### Building a Model To predict Emails Open Rates (OR%) , Based on the following Features 
- Time ( month of the year , quarter of the year , day of the week )
- Pirority of email , main or reminder 
- Category ( interval , final )
- Number of emails sent in each subject
- Constructed Features
 - Length of the subject 
 - Personalization of Email
 - Having emoji or not
 - Casual tone or formal 
 - Urgency at the subject 
 - Metion of price or discount in the subject 
 - Imperative tone in the subject 
 - Mention of product in the subject

In [None]:
#importing libraries 
import pandas as pd
from sklearn.model_selection import train_test_split
from sklearn.preprocessing import OneHotEncoder
from sklearn.compose import ColumnTransformer
from sklearn.pipeline import Pipeline
from sklearn.linear_model import LinearRegression
from sklearn.metrics import mean_squared_error, r2_score,mean_absolute_error
import statsmodels.api as sm
import matplotlib.pyplot as plt


In [None]:
#r reading the data as a dataframe
df = pd.read_csv("model_data.csv")

In [None]:
df.info()

In [None]:
columns_to_drop = [ "translation", "CTR clean %","Date","Month"]  
df = df.drop(columns=columns_to_drop, errors='ignore')

In [None]:
# Convert to datetime
df['Sent date'] = pd.to_datetime(df['Sent date'], errors='coerce')

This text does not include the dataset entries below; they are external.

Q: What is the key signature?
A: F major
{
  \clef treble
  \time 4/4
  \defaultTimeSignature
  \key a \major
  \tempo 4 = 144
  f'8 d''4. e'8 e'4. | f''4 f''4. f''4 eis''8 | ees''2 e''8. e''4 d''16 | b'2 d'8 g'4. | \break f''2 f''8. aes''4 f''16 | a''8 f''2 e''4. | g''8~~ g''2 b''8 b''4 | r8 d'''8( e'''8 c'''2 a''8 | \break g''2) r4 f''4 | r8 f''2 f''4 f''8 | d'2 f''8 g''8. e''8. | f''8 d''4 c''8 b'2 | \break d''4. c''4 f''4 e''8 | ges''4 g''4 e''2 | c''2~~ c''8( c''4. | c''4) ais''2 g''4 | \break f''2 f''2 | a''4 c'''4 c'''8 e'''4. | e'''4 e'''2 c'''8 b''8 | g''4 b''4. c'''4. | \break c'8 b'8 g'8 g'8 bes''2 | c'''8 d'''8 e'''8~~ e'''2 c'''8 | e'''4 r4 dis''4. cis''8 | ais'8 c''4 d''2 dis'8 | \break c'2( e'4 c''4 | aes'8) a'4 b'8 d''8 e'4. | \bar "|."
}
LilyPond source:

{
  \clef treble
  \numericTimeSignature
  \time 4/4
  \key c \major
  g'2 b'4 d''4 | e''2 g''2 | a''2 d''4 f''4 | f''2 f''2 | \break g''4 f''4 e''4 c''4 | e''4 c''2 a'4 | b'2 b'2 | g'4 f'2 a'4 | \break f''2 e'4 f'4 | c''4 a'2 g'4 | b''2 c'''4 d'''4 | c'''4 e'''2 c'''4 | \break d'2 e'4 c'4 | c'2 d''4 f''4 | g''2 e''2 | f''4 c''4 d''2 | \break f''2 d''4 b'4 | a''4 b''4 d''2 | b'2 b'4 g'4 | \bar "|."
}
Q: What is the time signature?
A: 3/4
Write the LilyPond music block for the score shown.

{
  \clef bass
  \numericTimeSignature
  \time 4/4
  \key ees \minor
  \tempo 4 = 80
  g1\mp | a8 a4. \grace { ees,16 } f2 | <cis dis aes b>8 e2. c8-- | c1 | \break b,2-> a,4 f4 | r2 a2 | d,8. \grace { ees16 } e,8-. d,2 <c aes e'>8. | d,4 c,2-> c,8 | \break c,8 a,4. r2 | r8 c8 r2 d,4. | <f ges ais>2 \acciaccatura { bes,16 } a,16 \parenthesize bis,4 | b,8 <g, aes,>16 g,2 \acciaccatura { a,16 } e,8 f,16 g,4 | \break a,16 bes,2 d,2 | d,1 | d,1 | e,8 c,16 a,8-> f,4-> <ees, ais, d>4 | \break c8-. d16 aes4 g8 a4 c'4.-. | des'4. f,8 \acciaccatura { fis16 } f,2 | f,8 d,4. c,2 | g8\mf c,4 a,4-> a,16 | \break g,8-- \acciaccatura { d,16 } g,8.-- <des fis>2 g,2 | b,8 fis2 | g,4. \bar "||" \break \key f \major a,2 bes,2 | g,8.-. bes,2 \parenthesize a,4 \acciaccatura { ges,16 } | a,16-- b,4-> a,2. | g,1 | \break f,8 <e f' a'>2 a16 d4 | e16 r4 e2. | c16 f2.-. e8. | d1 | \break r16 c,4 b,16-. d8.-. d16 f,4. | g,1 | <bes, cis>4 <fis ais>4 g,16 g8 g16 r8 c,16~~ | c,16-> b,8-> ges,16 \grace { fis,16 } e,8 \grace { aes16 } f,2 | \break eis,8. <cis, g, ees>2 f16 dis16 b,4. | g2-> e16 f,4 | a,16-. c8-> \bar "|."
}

# Create a Month column (numeric)
df['Month'] = df['Sent date'].dt.month


In [None]:

import re

def count_word_letters(text):
    text = str(text)
    
    # 1️⃣ Remove emoji codes like &#x1f4b0; or &#128512;
    text = re.sub(r'&#x?[0-9A-Fa-f]+;?', '', text)
    
    # 2️⃣ Remove template/formatted patterns {% ... %} and {{ ... }}
    text = re.sub(r'{%.*?%}', '', text)
    text = re.sub(r'{{.*?}}', '', text)
    
    # 3️⃣ Remove HTML entities like &amp;, &lt;, etc.
    text = re.sub(r'&[a-zA-Z]+;', '', text)
    
    # 4️⃣ Count only alphabetic letters (a-z, A-Z)
    return len(re.findall(r'[A-Za-z]', text))

# Apply to your DataFrame
df['letter_count'] = df['Subject'].apply(count_word_letters)



now i will drop subject


In [None]:
df = df.drop(columns='Subject', errors='ignore')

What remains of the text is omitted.